NBAA has warned the village of Southampton, on New York’s Long Island, that proposed access restrictions at Southampton Heliport (87N) would violate the town’s federal obligations and be subject to enforcement by the FAA.
On June 23, the village’s Board of Trustees will consider a proposal that NBAA believes would limit operations by each helicopter using 87N to a maximum of three flights per week between July 1 and Sept. 15.
In a June 18 letter to Southampton Mayor Mark Epley and members of the Village Board, NBAA Chief Operating Officer Steve Brown wrote, “As you may be aware, Southampton acquired the heliport from the federal government in 1975. The underlying deed imposed various obligations on the village, including that Southampton ‘use the property for public airport purposes for the use and benefit of the public, on reasonable terms and without unjust discrimination.’”
Brown reminded the Southampton officials that the commitments made in the deed – pursuant to the federal Surplus Property Act – remain in effect in perpetuity. Under “well-established FAA precedent, they prohibit the town from imposing operational restrictions on 87N users,” Brown wrote.
“We strongly urge the Board of Trustees to withdraw the proposal from consideration and carefully consult with experienced aviation counsel regarding its obligations in operating the heliport – as well as with heliport users and their representatives – before taking any further actions,” he added.

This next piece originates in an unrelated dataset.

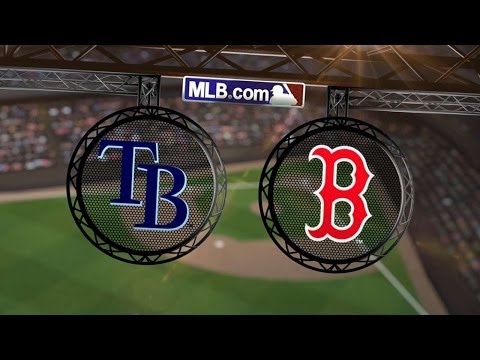 01.05.14: DeJesus‘ Homerun führt Rays zum Sieg über die Red Sox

NBAA and other aviation interests are already pursuing regulatory and legal actions that challenge the legality of noise and access restrictions adopted by the nearby town of East Hampton, NY at its airport (HTO). These include a mandatory nighttime curfew, an extended curfew on “noisy” aircraft, and a limit on “noisy” aircraft of one trip per week during the summer. Brown indicated that NBAA is concerned that the proposal at Southampton is at least in part inspired by the actions of the town of East Hampton.
“Both the Southampton Heliport and the East Hampton Airport are part of a national system of airports, and operational restrictions at these important public-use facilities present a threat to the national air transportation system,” said Brown. “NBAA is committed to ensuring continued safe and unrestricted access to both 87N and HTO.”